Today, AI is radically changing this situation. Switching from text to voice has become extremely easy, but most importantly the quality has improved to an increasingly satisfactory level. AI voices are starting to sound natural and nearly indistinguishable from real humans! Consequently, publishers have started to use AI in their audio productions. The New York Times, for example, now offers all its articles in audio, as does the Dutch daily NRC.
To me, it seems inevitable that text and audio will continue to merge. When text becomes audio, articles become the equivalent of podcasts. In the future, improved AI translation capabilities will allow these media types to become multilingual, offering infinite possibilities for worldwide distribution.
When video and audio become text
I’ve observed that text is being merged with audio, but the reverse is also true: audio can be converted into text using AI. The technology isn't quite there yet, but the results are encouraging- for example, Apple now offers a podcast transcription service, and similar AI tools to transcribe and summarize lectures or long videos are available online for free. It seems that with AI, the possibilities to convert audio and video into text are endless.
When audio becomes video
One noteworthy trend that went unnoticed in 2023: YouTube claimed the top spot of podcasting platforms, ahead of Spotify and Apple. At the same time, YouTube owner Alphabet discontinued its dedicated Google Podcasts platform.
YouTube is a prime example of a video platform increasingly embracing podcasts. Many podcasts on the platform are filmed in studios, resembling TV shows more than traditional audio broadcasts. Similarly, Spotify, which recently expanded its audio offerings to podcast and audiobooks, is now expanding further to include video. As part of this expansion, creators are offered financial incentives to produce these new types of content.
What these developments tell us about the future
This reshuffling of media is nothing new. For the past ten years, streaming has revolutionized the worlds of audio, television and music. Additionally, the amalgamation of audio, text and video is forcing companies to confront this new reality. Each player is penetrating its competitor's turf, while at the same time suffering incursions of its own.
Above all, we’re witnessing a transformation that transcends traditional platform boundaries, whether video, audio, or otherwise. This industry-wide transformation’s implications for the future are still unclear.

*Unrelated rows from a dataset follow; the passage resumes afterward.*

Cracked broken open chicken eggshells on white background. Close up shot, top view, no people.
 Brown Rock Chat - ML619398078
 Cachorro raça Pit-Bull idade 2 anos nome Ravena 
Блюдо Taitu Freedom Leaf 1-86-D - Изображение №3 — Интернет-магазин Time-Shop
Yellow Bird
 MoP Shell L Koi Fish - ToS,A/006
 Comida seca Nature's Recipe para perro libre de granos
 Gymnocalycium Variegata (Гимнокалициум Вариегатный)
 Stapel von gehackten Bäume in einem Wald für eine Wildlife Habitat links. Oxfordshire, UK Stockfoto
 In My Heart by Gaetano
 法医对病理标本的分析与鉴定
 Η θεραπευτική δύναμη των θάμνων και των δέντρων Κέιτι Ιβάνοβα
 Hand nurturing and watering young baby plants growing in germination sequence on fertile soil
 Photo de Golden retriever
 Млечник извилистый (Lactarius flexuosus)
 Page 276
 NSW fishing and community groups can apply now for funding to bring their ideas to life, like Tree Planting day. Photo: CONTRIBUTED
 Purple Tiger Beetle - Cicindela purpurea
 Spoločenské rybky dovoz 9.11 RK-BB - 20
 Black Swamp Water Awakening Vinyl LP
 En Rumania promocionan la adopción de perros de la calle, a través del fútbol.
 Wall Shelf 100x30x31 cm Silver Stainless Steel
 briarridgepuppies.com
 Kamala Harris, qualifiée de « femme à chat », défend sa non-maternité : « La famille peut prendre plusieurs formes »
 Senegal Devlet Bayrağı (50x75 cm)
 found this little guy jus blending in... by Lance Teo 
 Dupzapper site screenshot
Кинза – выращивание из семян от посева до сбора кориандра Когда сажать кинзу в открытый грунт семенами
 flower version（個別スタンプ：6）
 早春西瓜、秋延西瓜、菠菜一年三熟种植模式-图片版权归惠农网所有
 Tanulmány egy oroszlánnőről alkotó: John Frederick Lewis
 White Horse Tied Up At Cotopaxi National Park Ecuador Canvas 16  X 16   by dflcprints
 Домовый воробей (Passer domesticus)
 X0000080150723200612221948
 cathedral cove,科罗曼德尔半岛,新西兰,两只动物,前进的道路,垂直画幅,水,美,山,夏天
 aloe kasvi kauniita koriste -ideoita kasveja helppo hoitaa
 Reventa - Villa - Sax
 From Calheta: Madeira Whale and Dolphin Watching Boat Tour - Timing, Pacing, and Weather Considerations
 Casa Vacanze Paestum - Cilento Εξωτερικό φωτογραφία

What does this mean for publishers?
Up until now, audio has been an opportunity for publishers, and some publishers’ podcasts have made it to the top of the rankings. Monetization, on the other hand, has been more difficult- by 2023, investment in audio content creation came to a standstill.
Now, the new possibilities offered by AI mean that publishers can start producing audio projects at a lower cost, especially as AI tools continue to improve in quality. Amidst an industry-wide trend of declining, text-based media consumption, this could be an opportunity for publishers similar to the introduction of audiobooks in the book industry.
It will also be interesting to see how this affects journalism, particularly in terms of writing. Will audio-based media change the way journalistic stories are composed? Additionally, a similar question can be asked regarding video. In the next few years, will AI open the possibility of building videos from journalistic articles? One thing is certain: the evolving media landscape will continue to challenge and redefine the way stories are told across many formats and platforms.